Yesterday (May 8), retreating under heavy political fire, the US Department of Defense announced the indefinite suspension of its Joint Combined Exchange and Training (JCET) exercises for the Indonesian Armed Forces (ABRI).

This is a breakthrough victory for the pro-democracy movement -- both in Indonesia and occupied East Timor and here in the United States. But it is not enough. The JCET training has not yet been formally terminated and banned, and the US still arms, advises, finances, and politically comforts the ABRI. Washington, the ABRI's longtime patron, should now renounce this killer force. At a time when brave Indonesians and East Timorese are risking their lives to demand freedom, the US should not be supporting in any form an institution devoted to suppressing them.

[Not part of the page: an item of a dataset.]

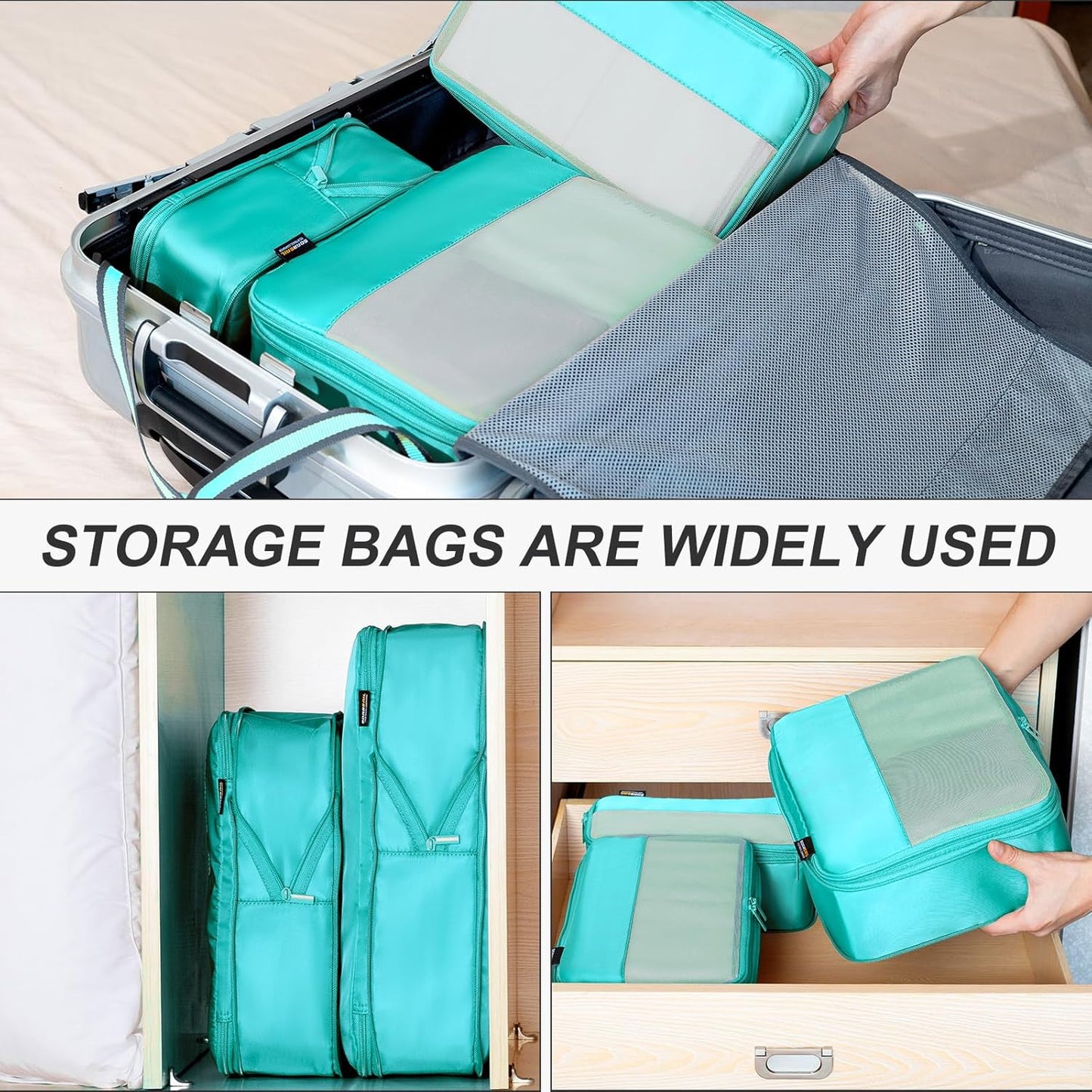 6 Set Compression Packing Cubes for Travel Essentials, Luggage Organizers for Suitcases (Teal)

Until the JCET program was exposed and then brought down by grassroots activism, the US military was training the ABRI -- and its most notorious unit , KOPASSUS -- in lethal tactics including "Advanced Sniper Techniques," "Military Operations in Urban Terrain," "Psychological Operations," "Air Assault." and "Close Quarters Combat." US Green Berets, Marines, and Air Force commandos would fly into Indonesia fully armed and drill ABRI troops in exercises lasting two to six weeks. There were at least 41 such exercises between 1992 and 1997, and 20 more scheduled for 1998.

This training was in violation of an Executive Branch understanding with Congress, which had cut off IMET (International Military Education and Training) training aid to ABRI after the 1991 East Timor massacre, and which believed that ABRI was now only eligible for limited, US-based classroom instruction (called Expanded IMET) ostensibly stressing human rights.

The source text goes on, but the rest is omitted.